Japan posted a current account surplus of ¥1.95 trillion ($18 billion) in April, the highest for the month since 2007, as the travel surplus swelled to a record high even as the trade surplus shrank, government data showed Thursday.
A current account surplus was posted for the 34th straight month, and the travel surplus came to ¥177.9 billion, the largest ever, as the number of visitors to the country hit a record 2.58 million in the month.
Among key components in the current account, one of the widest gauges of a country’s international trade, goods trade registered a surplus of ¥553.6 billion, the Finance Ministry said in a preliminary report.
Increased exports to other Asian countries also contributed to the trade surplus, which was increasingly squeezed by a surge in the value of energy imports.
Robust overseas demand and a pickup in private consumption helped the economy grow for a fifth straight quarter, the longest growth run since 2006.
“We saw the trade surplus shrinking, but it’s unlikely to drop sharply because it’s hard to imagine crude oil prices going higher and higher,” said Yuichiro Nagai, an economist at Barclays Securities Japan.
Crude oil imports surged 61.0 percent from a year earlier, with prices averaging $53.90 a barrel, the data showed.
Overall imports jumped 14.0 percent to ¥5.63 trillion in value, while exports increased 10.0 percent to ¥6.18 trillion.
The country relies heavily on imports of crude oil and other resources, with most of its nuclear power plants remaining offline since the 2011 nuclear crisis.

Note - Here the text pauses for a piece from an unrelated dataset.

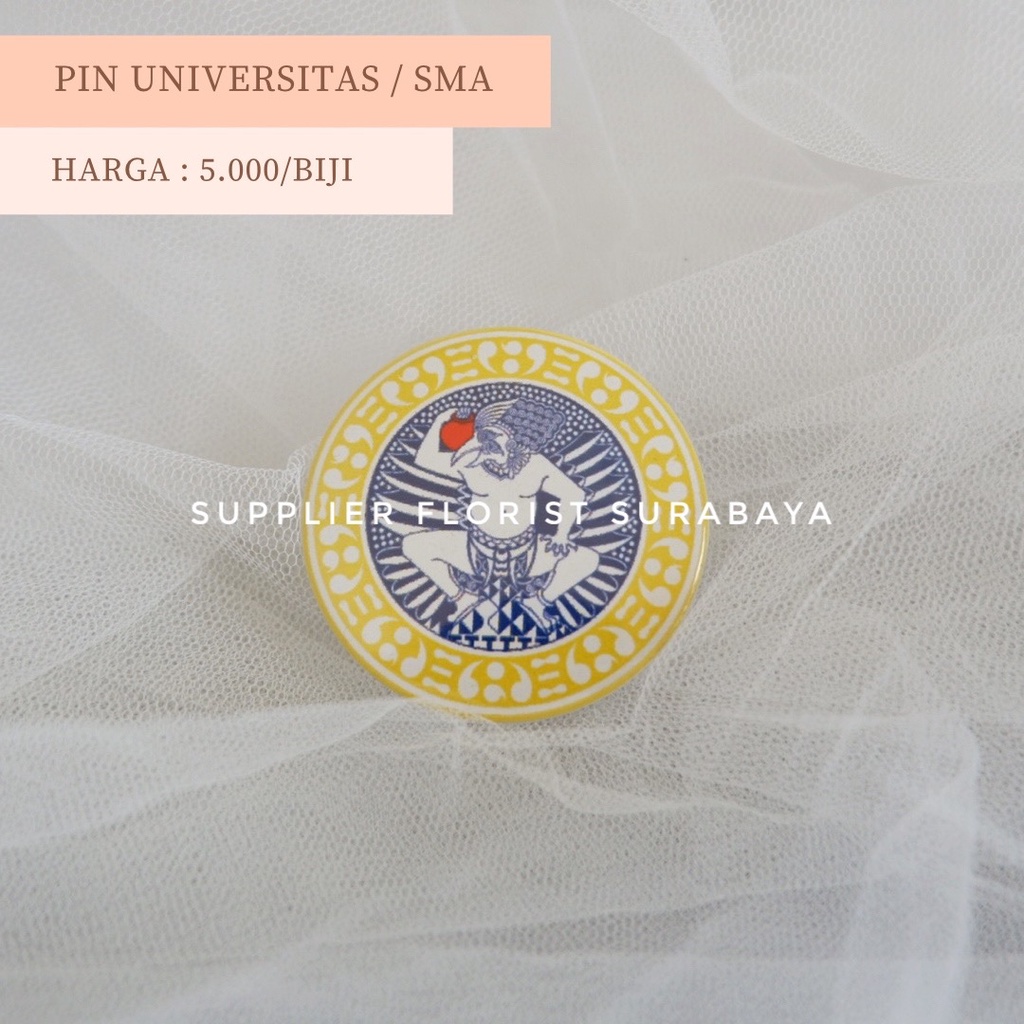 Jual PIN PENITI PIN LOGO UNIVERSITAS SURABAYA UBAYA UKP UNESA UC UNAIR ...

The surplus in the primary income account, which reflects how much Japan earns from foreign investments, stood at ¥1.85 trillion, up 5.9 percent from a year earlier, after income grew from direct investment.
The services sector, including passenger transportation and cargo shipping, registered a deficit of ¥294.7 billion, smaller than a year ago thanks to the increased travel surplus.
“Japan’s current account surplus is expected to stay at high levels, supported by its trade surplus, an improvement in the services balance, and solid growth in primary income,” Nagai said.